# 9 week old separation Anxiety



## Dog1404 (Dec 5, 2021)

Hey, looking for help with our new Vizsla puppy - we have had him 4 days now (3 nights) and he follows us around everywhere in the house and cannot be left alone at all. We have got no sleep as we can just hear him howling in his crate at night the minute we leave his sight. We need him to be Independent and be able to handle being by himself. Any help or advice appreciated please!


----------



## Dan_A (Jan 19, 2021)

9 weeks is very young and what you describe is normal and I would not classify it as separation anxiety. Everything is new to him and he was used to sleeping closely to his litter-mates. I recommend moving the crate to your bedroom for sleeping at night. You may have to deal with nights of crying and barking until he learns to settle during the crate training process, but the bedroom where you sleep is the best place especially during this phase. There are many threads on this forum about crate training techniques that should be helpful. Never let him out except to go to potty and do not play with him during or after potty time, right back into the crate. You may have to cope with 15minutes to hour+ whining and crying until he self settles to sleep. We had many many days of this and we were walking around like zombies due to sleep deprivation. Some people have it lucky and their pup settles quickly, others not so much. Just remember there is light at the end of the tunnel!

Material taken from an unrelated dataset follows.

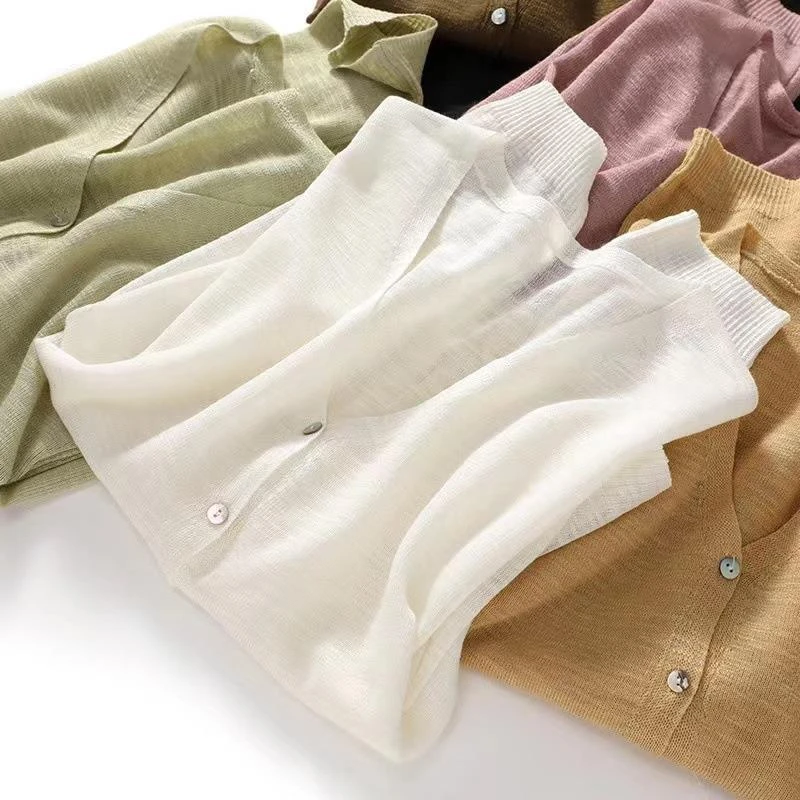 亚麻上衣女夏衣冰丝针织开衫V领薄款长袖仿苎麻外套百搭防晒服外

Also remember you brought a velcro dog into your house. I would get used to them always wanting to be with you. Early on they may take awhile to self-settle around the house on their own which is normal. I think it took to about 4 months before Ellie would go lay on the couch alone without us for the first time.


----------



## Dog1404 (Dec 5, 2021)

@Dan_A thank you so much for this that’s so reassuring! He’s happy in the crate and will voluntarily go in and sleep there when we’re around and we’re slowly being able to go into another room without him being too disturbed - he might shuffle and whine a bit but will settle down if he’s tired so he’s learning. Just struggling with the barking and whining at night and we ideally don’t want him to sleep in the bedroom and would like to be able to leave him alone for short periods without getting worked up if we were to leave the house.


----------



## Dan_A (Jan 19, 2021)

We started with the crate in our bedroom, then moved it to the living room after Ellie was 5 months old. That is where she is now and she is perfectly comfortable.


----------